For all problems that you must write explanations and sentences for, you **must** provide your answer in the designated space. **Moreover, throughout this homework and all future ones, please be sure to not re-assign variables throughout the notebook!** For example, if you use `max_temperature` in your answer to one question, do not reassign it later on. Otherwise, you will fail tests that you thought you were passing previously!


**Note: This homework has hidden tests on it. That means even though tests may say 100% passed, doesn't mean your final grade will be 100%. We will be running more tests for correctness once everyone turns in the homework.**


Directly sharing answers is not okay, but discussing problems with the course staff or with other students is encouraged. 

You should start early so that you have time to get help if you're stuck.

In [None]:
# Don't change this cell; just run it. 

import numpy as np
from datascience import *
import d8error
import warnings
warnings.simplefilter('ignore', FutureWarning)

# These lines do some fancy plotting magic.\n",
import matplotlib
%matplotlib inline
import matplotlib.pyplot as plots
plots.style.use('fivethirtyeight')

## 1. Unemployment

The Great Recession of 2008-2009 was a period of economic decline observed globally, with scale and timing varying from country to country. In the United States, it resulted in a rapid rise in unemployment that affected industries and population groups to different extents.

The Employment Development Department publishes data about jobs in CA.  Below, we've loaded data on unemployment in the CA. The unemployment rate represents the number of unemployed as a percentage of the labor force. Labor force data are restricted to people 16 years of age and older, who currently reside in CA, who do not reside in institutions (e.g., penal and mental facilities, homes for the aged), and who are not on active duty in the Armed Forces.

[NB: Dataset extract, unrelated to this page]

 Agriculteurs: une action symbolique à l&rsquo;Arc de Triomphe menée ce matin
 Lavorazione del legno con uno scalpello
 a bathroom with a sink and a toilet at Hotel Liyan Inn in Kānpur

Over the course of a year, the size of the labor force, the levels of employment and unemployment, and other measures of labor market activity undergo fluctuations due to seasonal events including changes in weather, harvests, major holidays, and school schedules. Because these seasonal events follow a more or less regular pattern each year, their influence on statistical trends can be eliminated by seasonally adjusting the statistics from month to month. These seasonal adjustments make it easier to observe the cyclical, underlying trend, and other nonseasonal movements in the series. The data provided includes seasonally adjusted and non-seasonally adjusted data.

1. Among people who are able to work and are looking for a full-time job, the percentage who can't find a job.  This is called the Non-Employment Index, or NEI.
2. Among people who are able to work and are looking for a full-time job, the percentage who can't find any job *or* are only working at a part-time job.  The latter group is called "Part-Time for Economic Reasons", so the acronym for this index is NEI-PTER.  (Economists are great at marketing.)

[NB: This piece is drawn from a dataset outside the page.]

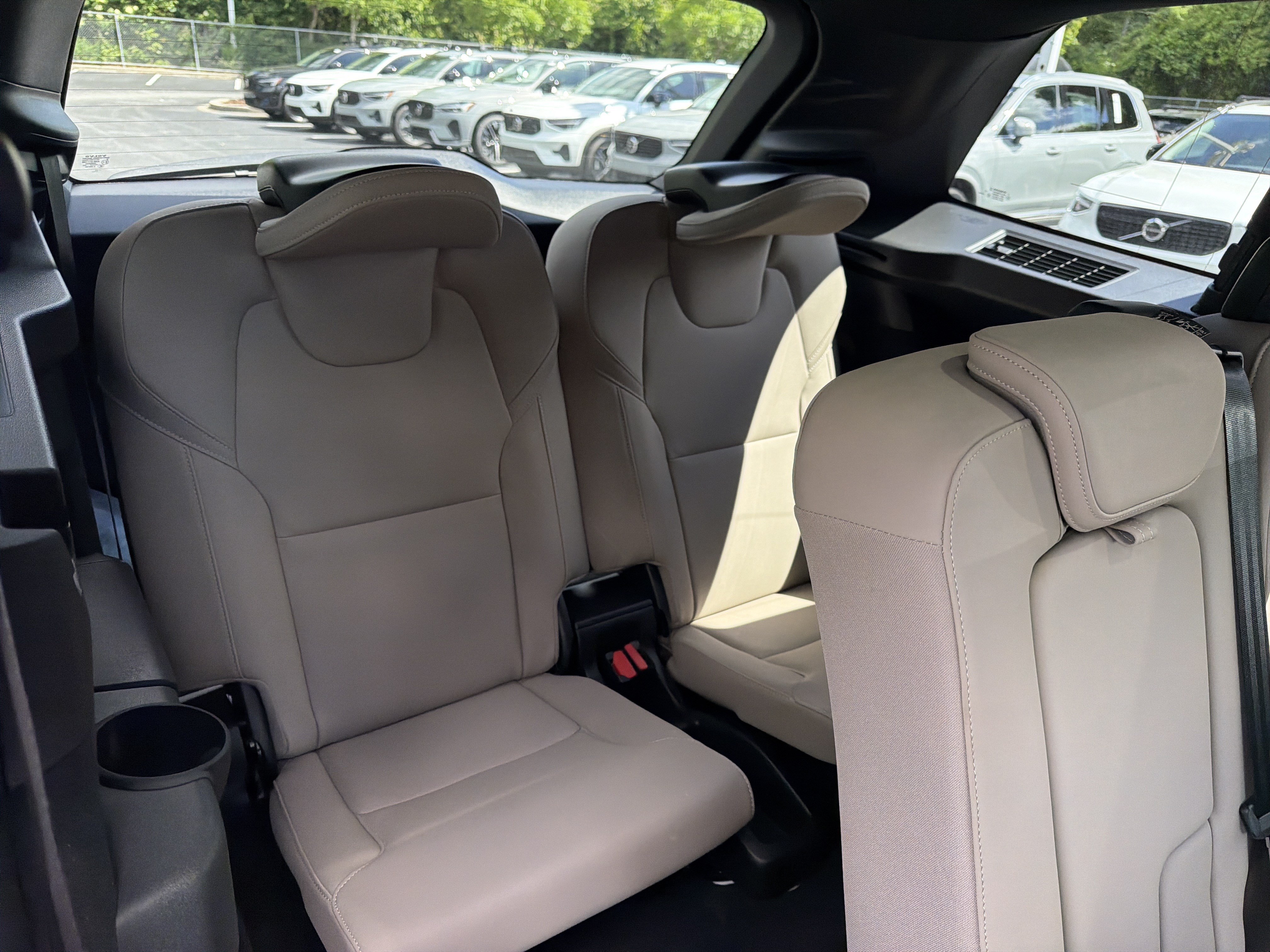 Certified 2026 Volvo XC90 B6 Plus w/ Protection Package Premier AWD/4WD image 37
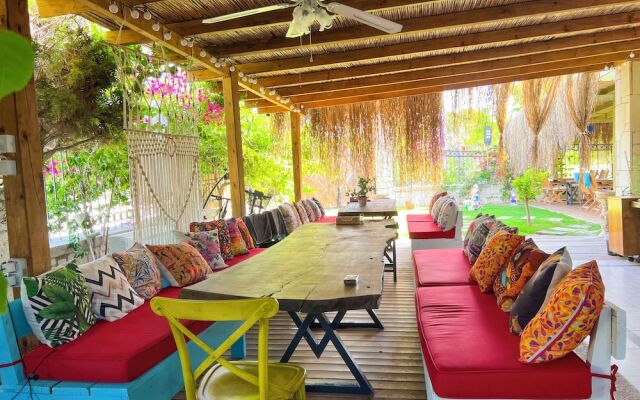 Alacati XL Luxury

The source of the data is [here](https://fred.stlouisfed.org/categories/33509).

**Question 1.** The data are in a CSV file called `Unemployment_rate_CA.csv`.  Load that file into a table called `ca_unemployment`. **(4 Points)**


In [None]:
ca_unemployment = ...
ca_unemployment

In [None]:
grader.check("q1_1")

**Question 2.** Sort the data in descending order by the Seasonally Adjusted rate, naming the sorted table `by_season`.  Create another table called `by_not_season` that's sorted in descending order by the Not Seasonally Adjusted rate instead. **(4 Points)**


In [None]:
by_season = ...
by_not_season = ...

In [None]:
grader.check("q1_2")

In [None]:
# Run this cell to check your by_season table. You do not need to change the code.
by_season.show(5)

In [None]:
# Run this cell to check your by_not_season table. You do not need to change the code.
by_not_season.show(5)

**Question 3.** Use `take` to make a table containing the data for the 12 months when the Seasonally Adjusted unemployment rate was smallest.  Call that table `smallest_season`.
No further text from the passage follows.